Review: The Dig

Cynan Jones (The Long Dry) is a Welsh writer who has published three novels, but The Dig, winner of the Jerwood Fiction Uncovered Prize, is his first published in the United States. It's not about an archeological dig, but it resembles one in the way Jones quietly scrutinizes his rural site's landscape and excavates his characters in an almost meditative way, using spare, simple, contemplative prose.

Structurally, the short novel is comprised of brief paragraphs with generous spacing--like a book of prose poems. Some are just a sentence long: "In the light the tools looked as if they were made of stone." The book has five parts, or acts, enigmatically titled The Horse, The Dig, The Cloth, The Sea and The Shard, as if it were a series of parables. But it's more in tune with Thomas Hobbes's definition of life: "nasty, brutish and short."

At The Dig's heart of darkness are two Welshmen. One, a "gruff and big man," forces badgers out of their setts for money or sport, to pit them against hounds. The practice was outlawed in 1835 but continues. The book opens powerfully with a brutal scene of this man trying to disfigure (thus hide) a dead badger. He's a violent man, without compassion. He is also a man whose life is governed by fear. If caught, he'll be sent back to jail. Jones portrays him as someone who takes life rather than give it, one who destroys, unlike his neighbor.

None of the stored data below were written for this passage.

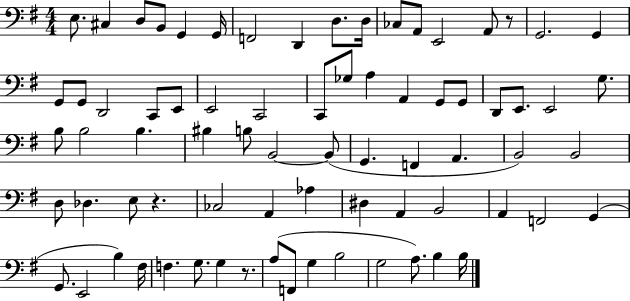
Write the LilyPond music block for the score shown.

{
  \clef bass
  \numericTimeSignature
  \time 4/4
  \key g \major
  e8. cis4 d8 b,8 g,4 g,16 | f,2 d,4 d8. d16 | ces8 a,8 e,2 a,8 r8 | g,2. g,4 | \break g,8 g,8 d,2 c,8 e,8 | e,2 c,2 | c,8 ges8 a4 a,4 g,8 g,8 | d,8 e,8. e,2 g8. | \break b8 b2 b4. | bis4 b8 b,2~~ b,8( | g,4. f,4 a,4. | b,2) b,2 | \break d8 des4. e8 r4. | ces2 a,4 aes4 | dis4 a,4 b,2 | a,4 f,2 g,4( | \break g,8. e,2 b4) fis16 | f4. g8. g4 r8. | a8( f,8 g4 b2 | g2 a8.) b4 b16 | \break \bar "|."
}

Daniel is a livestock farmer whose beloved wife recently died after being kicked in the head by a friend's horse. It's lambing season and he's busy tending to the land, the sheep and the delivery of baby lambs: "[H]e draws the lamb in one smooth strong stroke, and slaps and rakes its wet moss-like fur to make it breathe, feels the power of its fast heartbeat in the chicken-bone cage of its ribs, still wet in his hands... glistening oiled newborn thing--all of these things awatered." His wife's death rests heavily upon him. Exhausted by grief, "[t]he scent of her was in the room and it almost choked him to understand how vital to him this was."

Jones's narrative moves back and forth between the two men. When the badger baiter crosses onto the farmer's land in pursuit of his quarry, it's only a matter of time before they will clash: "The spade coming was like the wing of a bird." There's nothing bucolic about this elemental, extraordinary tale of good and evil. It's a bitter pill made easy to swallow thanks to art and its paean to life. The Dig is about cruelty, isolation and loss in a dark age. --Tom Lavoie, former publisher

Shelf Talker: Cynan Jones's first novel published in the United States is a spare, visceral story of isolation, sadness and love.